3 - The historical background

Summary

Whenever by choice or fate men set out on journeys across the earth they drag the burden of their past with them as a snail drags its shell. No matter how ardent the adventurer or how inescapable the exile, ghosts of the past lurk at the back of the voyager's mind to bemuse him.

(Sidney Baker 1947: 13)

Introduction

The origins and development of New Zealand English are, quite obviously, intimately intertwined with the history of immigration to New Zealand. In this chapter, therefore, we survey the European settlement history of New Zealand and its relation to the development of New Zealand English. As will be seen in Chapters 6 and 7, historical factors, in particular population figures and places of origin, are important to any consideration of how new dialects develop.

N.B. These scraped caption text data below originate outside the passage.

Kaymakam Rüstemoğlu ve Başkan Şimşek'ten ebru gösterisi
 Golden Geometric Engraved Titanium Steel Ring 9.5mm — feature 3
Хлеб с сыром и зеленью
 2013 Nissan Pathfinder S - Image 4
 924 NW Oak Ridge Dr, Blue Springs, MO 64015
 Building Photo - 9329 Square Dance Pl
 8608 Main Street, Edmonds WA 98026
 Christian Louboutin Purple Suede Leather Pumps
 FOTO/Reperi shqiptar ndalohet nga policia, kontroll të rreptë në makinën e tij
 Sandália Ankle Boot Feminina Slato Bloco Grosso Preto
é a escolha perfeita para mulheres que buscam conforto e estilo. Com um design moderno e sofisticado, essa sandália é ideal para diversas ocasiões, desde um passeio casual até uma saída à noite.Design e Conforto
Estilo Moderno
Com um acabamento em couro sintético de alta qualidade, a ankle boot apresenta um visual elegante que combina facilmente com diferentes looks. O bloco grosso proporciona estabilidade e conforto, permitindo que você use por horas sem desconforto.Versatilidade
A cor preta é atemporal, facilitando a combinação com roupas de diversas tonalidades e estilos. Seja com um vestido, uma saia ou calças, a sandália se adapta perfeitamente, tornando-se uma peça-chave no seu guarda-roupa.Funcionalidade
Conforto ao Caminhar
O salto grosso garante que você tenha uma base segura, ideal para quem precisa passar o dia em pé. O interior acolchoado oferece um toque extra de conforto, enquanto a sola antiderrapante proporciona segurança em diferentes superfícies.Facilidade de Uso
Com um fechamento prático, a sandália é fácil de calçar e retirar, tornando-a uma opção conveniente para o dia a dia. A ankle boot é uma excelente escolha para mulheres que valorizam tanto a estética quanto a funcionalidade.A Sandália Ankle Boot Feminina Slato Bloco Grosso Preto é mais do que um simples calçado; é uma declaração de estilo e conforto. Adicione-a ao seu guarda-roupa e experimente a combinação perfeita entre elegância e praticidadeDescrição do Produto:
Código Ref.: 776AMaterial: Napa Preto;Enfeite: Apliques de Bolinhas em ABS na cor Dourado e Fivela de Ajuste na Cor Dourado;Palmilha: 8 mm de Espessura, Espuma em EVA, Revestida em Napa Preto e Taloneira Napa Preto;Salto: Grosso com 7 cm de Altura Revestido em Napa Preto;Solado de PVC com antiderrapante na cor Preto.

If we are to consider concepts such as the ‘founder effect’ (Mufwene 1996), ‘First Effective Settlement doctrine’ (Zelinsky 1992: 13; Labov 2001: 45), ‘swamping’ (Lass 1990), or processes involved in ‘koinéisation’ (Trudgill 1986b) in relation to New Zealand English (see Chapter 7), then specific historical information is needed.

Historical background: the immigrants

The investigation of the origins and evolution of New Zealand English requires an understanding of both sociolinguistics and history.